DEADLINE: There’s always been, In my opinion, a very Mel Brooks element to Transparent

SOLOWAY: Thank you for saying that. I really can’t wait for Mel to see it, the finale. So, I look at things like South Park, like Mel Brooks, how Larry David can really get away with examining open racism on his show and Sacha Baron Cohen with the Running of the Jews.

I want to be able to jump out there as an artist in the same way that those artists do. I don’t want to have to be, oh, I have to be really careful, because I’m queer, or I’m a woman, or I’m nonbinary. I think the more vulnerable artists are even more vulnerable, Howard Stern can get away with things, really awful things, and people kind of go, that’s them. So, for me, if people come after us and say, like, we’ve gone too far, I think, you know, I would say, like, no, we are only doing exactly what a lot of our male contemporaries have done and nothing more.

DEADLINE: With that and with what you said before, is Transparent really going to Broadway down the line or is the finale truly the end?

SOLOWAY: It just might. Wink, wink. Wink, wink. Wink, wink. We have some great, great theatrical stuff happening, and hopefully, we’ll be able to announce it shortly.

DEADLINE: Speaking of other stuff happening. Clearly, you have a lot in development, and Deadline exclusively reported last month that you are going to direct Red Sonja

SOLOWAY: Yeah.

DEADLINE: …which on first glance, seems a massive jump. I wanted to get a sense from you about going into that project with Millennium Films and about the scope of your ambitions for it as you move past Transparent in your career?

Red Sonja
Red Sonja

SOLOWAY: I can’t wait. I’m super excited. I get to write it as well, which is really a dream come true. I know it feels different when you compare it to Transparent, but for me, it feels just really very much like it’s coming from the same place.

DEADLINE: Really?

SOLOWAY: Yeah, because I’ve always talked about myself as doing work that attempts to heal the divided feminine in our culture, the idea that women get kind of chopped up into wife or other woman or good girl, bad girl or Charlie’s Angels or all the women on Sex in the City, and that this idea of the divided feminine means that women get like a small slice to be.

So, Afternoon Delight was about the divided feminine. Transparent was really about the divided feminine. If you look at Transparent, it’s really about a lot of women becoming whole. It’s Sarah becoming whole. It’s Maura becoming whole. It’s Shelly becoming whole, and of course Josh as well and Ari who’s nonbinary. All my work is really about humans searching for some divine feminine, asking these questions about God and looking for meaning. So, for me to transfer that into the world of Red Sonja felt incredibly natural, because Red Sonja is a very different kind of superhero. She’s not really typical.

DEADLINE: What’s the plan?

SOLOWAY: I can really have so much fun with Red Sonja. I see her a little bit more like the first kind of bad girl superhero. Sort of like the Batman of The Dark Knight or Deadpool, you know?
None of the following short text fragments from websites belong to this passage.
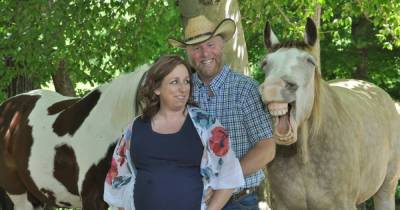 Смеющаяся лошадь затмила беременную хозяйку на фотосессии и стала звездой Сети (фото) - focus.ua - США - Украина - шт. Огайо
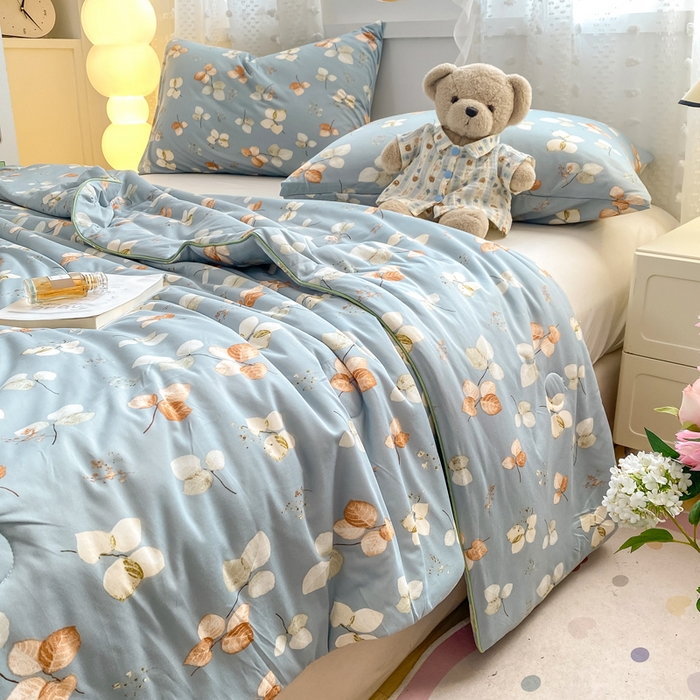 91家纺网 家纺一手货源 找家纺 恋之巢家纺 2026新款四季款可水洗牛奶丝针织棉夏被大豆夏凉被空调被可机洗薄被子被芯直播外贸专供大豆被夏被 叶子 兰-软糯款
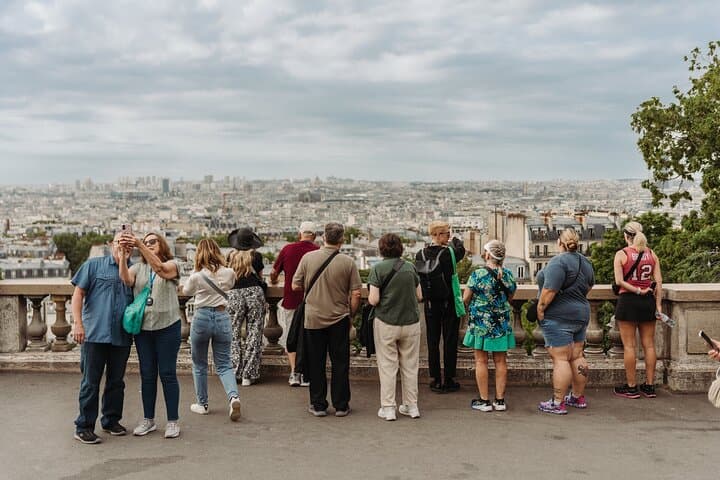 One-Day Paris Highlights: Louvre, Montmartre, Notre-Dame & Seine Cruise photo 3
The world is changing so much right now for superheroes, that I just really look forward to not only going to the edge of what I’ve ever written and directed before, but to the edge of the genre as well.

DEADLINE: Is that how you see a Transparent musical on-stage or would it be more like the finale but live?

SOLOWAY: I think it would be something different. I think if we make the Transparent musical happen, it would be something that would work for people who had never seen Transparent the TV series. So, I think it would be to be a play that anybody who wanted to see a Broadway play could walk into, and it would sort of start from the beginning there. Start from a parent coming out. That’s my guess.

DEADLINE: Back to the show, series finales are so hard…

SOLOWAY: Yeah

DEADLINE: …did the way it really ended stay the same from what you envisioned when you started down the farewell road?

SOLOWAY: When we started writing the movie, we knew that we wanted to have that, 8 1/2 ending. That Fellini feeling of ending or just that feeling of here comes everybody. Oh, and there’s that person. Oh, my God, there’s, oh, my God, and that day that we were shooting in the park, and you know, it really was a reunion. It really was a reunion, that’s what we wanted.